States in the West Coast and Southern U.S., except Mississippi and Alabama, are not expected to reach 100% adequacy until 2036 or beyond. Montana, Kentucky, West Virginia, and Florida are anticipated to reach demand between 2028 and 2030.
However, it's important to note that historical and future projections estimate that even after a state meets 100% of its demand, it does not mean that the nursing supply will be maintained. Factors contributing to these projections include the number of new nurses graduating within the state or attracted to work there.
Factors that impede a state's ability to reach adequate staffing include an aging workforce and a rising number of older adults who require a higher level of healthcare and a larger supply of nurses.
Closing the Gap
The determination that nursing supply meets demand must be predicated on a mathematical simulation that accounts for nurse-to-patient ratios.
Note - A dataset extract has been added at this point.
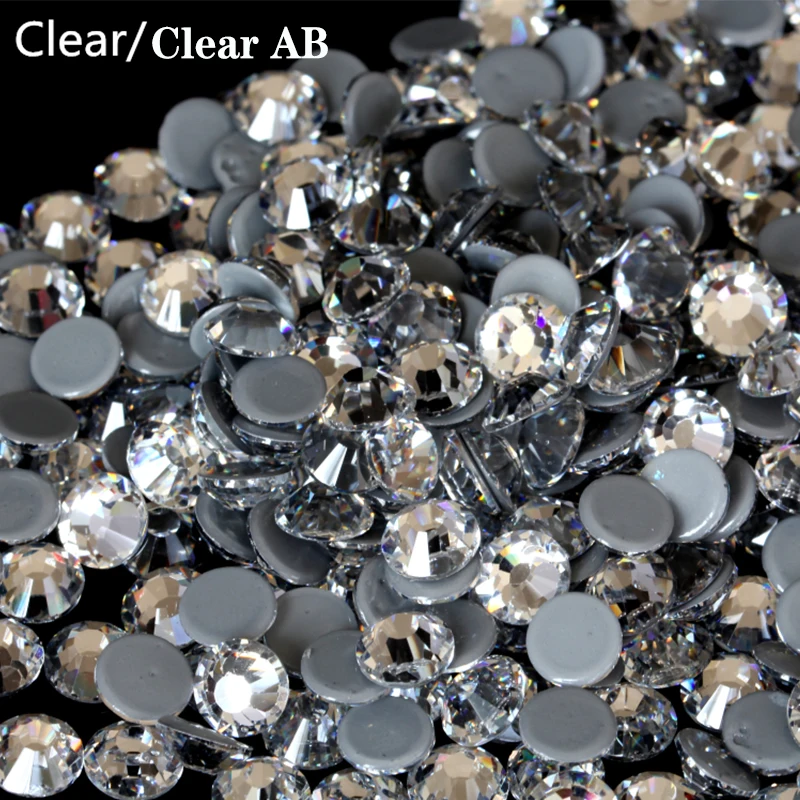 HotFix Crystal Rhinestone AB With Glue Bottom DMC Rhinestone All Sizes Sewing And Fabric Clothing Shoes Bag Decoration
Nursing leaders and programs throughout the country are exploring options to help address their region's nursing shortage.
Federal and state money has been allocated to help develop nursing education programs that hope to graduate more students in the coming years. For example, William Paterson University recently opened the doors to a new school of nursing, and The Ohio State University has developed innovative programs to engage and teach nursing practice.
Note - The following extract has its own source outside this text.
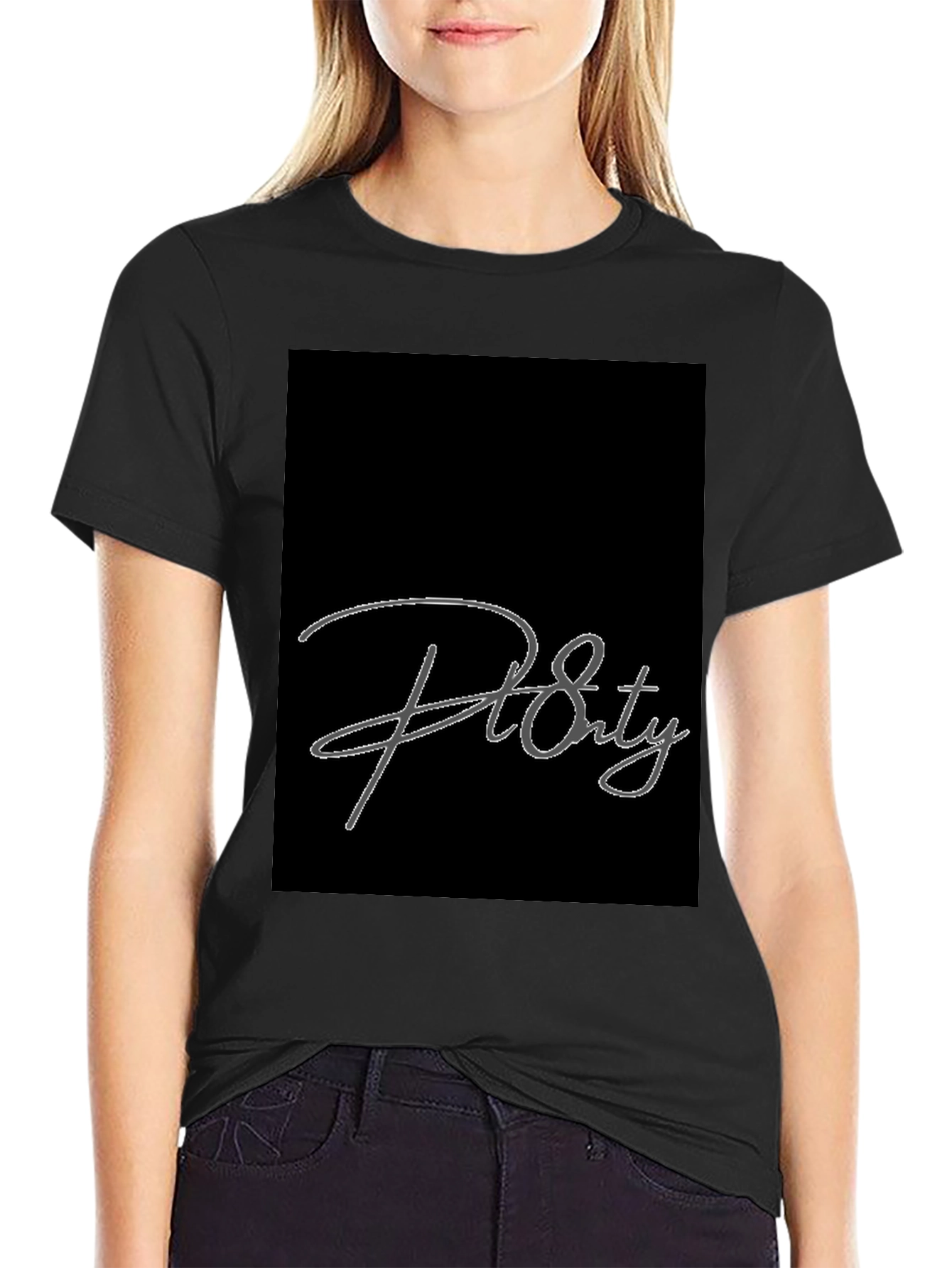 Stylish Black Graphic Tee - Pl Eighty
The Ohio Nurses Association (ONA) collaborated with Ohio lawmakers to propose the Nurse Workforce and Safe Patient Care Act that would standardize nurse-to-patient ratios and incentivize nursing graduates to work in Ohio. Interestingly, a 2023 survey by the ONA revealed that 42.8% of RNs who left the profession would consider returning if there were legally enforceable minimum staffing standards.
These are among the strategies nursing leaders and schools are considering and implementing to improve retention and attract more nurses. Adopting a diversified approach may shorten the time needed to end the nursing shortage.